California Court of Appeals, Sixth District
Apr 16, 2008
No. H031488 (Cal. Ct. App. Apr. 16, 2008)

Opinion


THE PEOPLE, Plaintiff and Respondent, v. DOUGLAS DANE SCOTT, Defendant and Appellant. H031488 California Court of Appeal, Sixth District April 16, 2008

NOT TO BE PUBLISHED

Santa Clara County Super. Ct. No. EE605213.

McAdams, J.

Defendant Douglas Dane Scott appeals from a judgment of conviction on two criminal counts, which followed a jury trial held in March 2007. The jury found defendant guilty of attempted second-degree robbery, as charged in the first count. (Pen. Code, §§ 211, 212.5, subd. (c), 664.) As to the second count, the jury acquitted defendant of a charge of battery, but it convicted him on the lesser included offense of misdemeanor assault. (§§ 240, 241, subd. (a).)

Unspecified statutory references are to the Penal Code.

On appeal, defendant asserts prosecutorial misconduct, based on a single comment made by the prosecutor in closing argument, which concerned the burden of proof beyond a reasonable doubt.

We find no basis for reversal. We therefore affirm the judgment of conviction.

FACTUAL AND PROCEDURAL HISTORY

On June 24, 2006, two boys, Antonio and Jacob, were riding their bicycles near their homes in Sunnyvale. Antonio was 10 years old at the time, and his friend Jacob was 12.

The boys rode past defendant, who demanded Antonio’s bicycle. When the boys did not stop, defendant chased them and attempted to grab Antonio’s bicycle. The boys were frightened and rode their bicycles home, where they alerted family members about the incident.

Several adult relatives went outside, where they located defendant nearby. One of Jacob’s uncles, David, ended up in a physical altercation with defendant. Law enforcement officers arrived shortly thereafter.

Charges

In June 2006, the People filed a felony complaint against defendant. Count 1 charged him with attempted second-degree robbery in connection with his attempt to take Antonio’s bicycle. (§§ 211, 212.5, subd. (c), 664.) Count 2 charged defendant with misdemeanor battery arising out of his confrontation with David, Jacob’s uncle. (§§ 242, 243, subd. (a).)

The following month, the court conducted a preliminary examination. Antonio, Jacob, and David testified. At the conclusion of the hearing, defendant was bound over for trial.

A felony information against defendant was filed shortly thereafter, which included the same two charges as the complaint.

Trial

In March 2007, trial proceedings began.

Prosecution Evidence

The prosecution’s first witness was Antonio. He recounted the incident from the previous summer. As he and Jacob were riding home on their bicycles, they “got chased.” Defendant was the one who chased them. Antonio was “100% sure” in his identification. Just before he starting chasing them, defendant yelled: “Give me that fucking bike.” He also said: “I’m not playing around.” During the chase, defendant got to within three or four feet of Antonio and tried to grab his bike. Antonio was frightened, fearing that defendant would grab or kidnap him.

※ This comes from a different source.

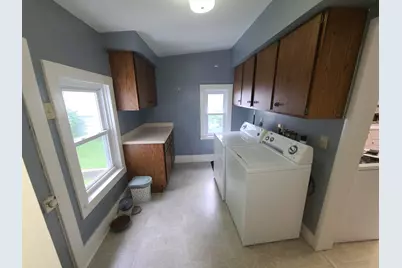 513 Crawford Avenue, Dixon, IL 61021 - Photo 12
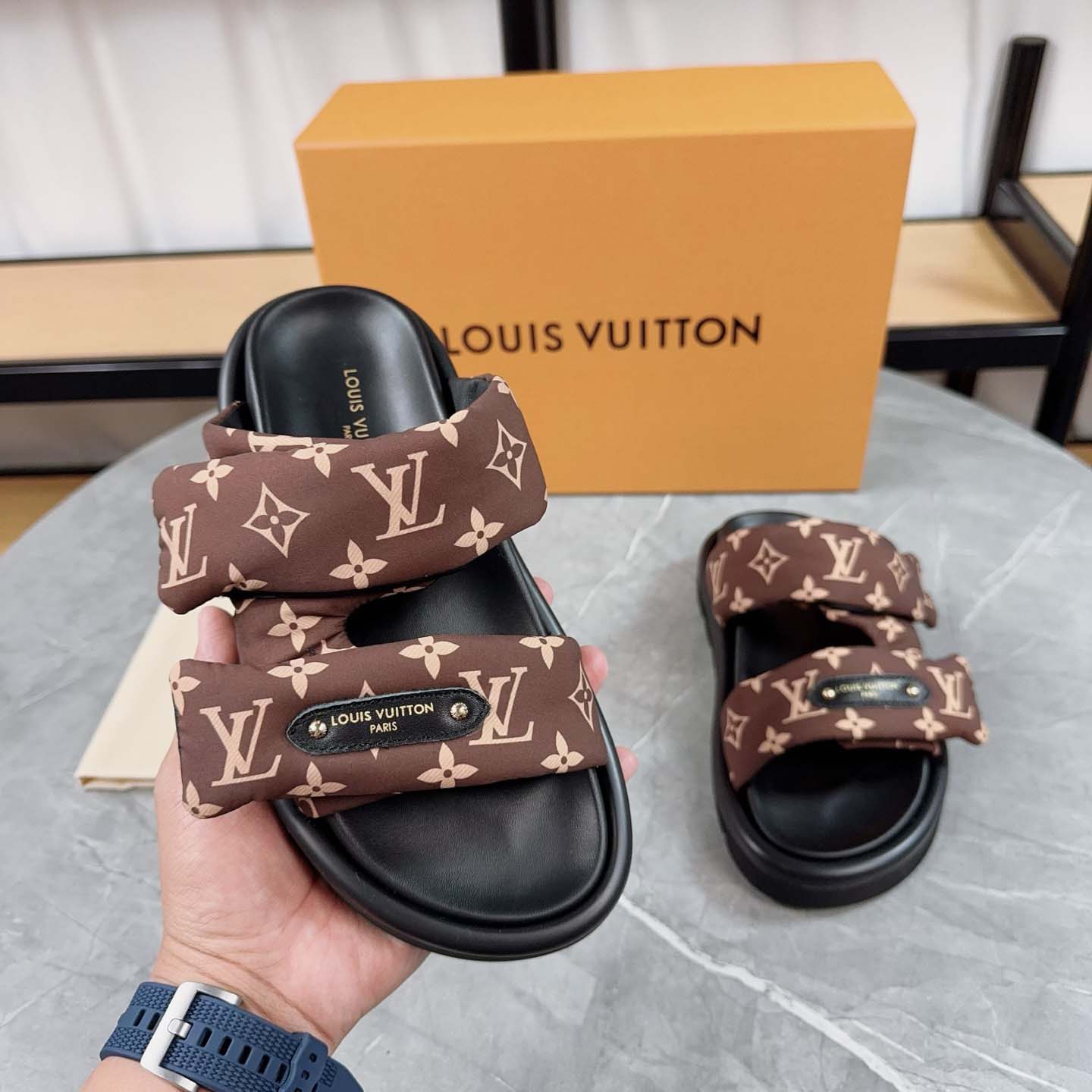 Louis Vuitton Pool Pillow Flat Comfort Mule - EUR FASHION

The prosecution also called Jacob as a witness. Like Antonio, Jacob identified defendant as the man who had chased them the previous summer and demanded their bicycles.

David also testified. Upon hearing about the boys’ encounter with defendant, David and his brother Manuel left to look for him, each in his own vehicle. Antonio’s mother Alysia was with them. They found defendant nearby. David identified defendant as the man he encountered. (Manuel and Alysia likewise made in-court identifications of defendant.) David believed that defendant was “under the influence of drugs or alcohol” and he suggested just calling the police. As David was leaving in his car, defendant hit it with his fist and then started chasing it. David pulled over and got out. Defendant continued running “full force” toward David, then “charged” and “struck” him. Defending himself from defendant, David “tripped him up and put him to the ground.” After letting defendant up, David was “backing up” and walking away when “the police rounded the corner.”

Defense Case

The defense presented evidence, including defendant’s testimony. Defendant testified that he never chased two boys riding bicycles in Sunnyvale. He never attempted to take bicycles or anything else from anyone on June 24, 2006. He was never confronted by any adult males or other individuals.

Argument and Instruction

On March 16th, the jury heard instructions and closing arguments. Among other things, the jury was instructed on the standard of proof beyond a reasonable doubt.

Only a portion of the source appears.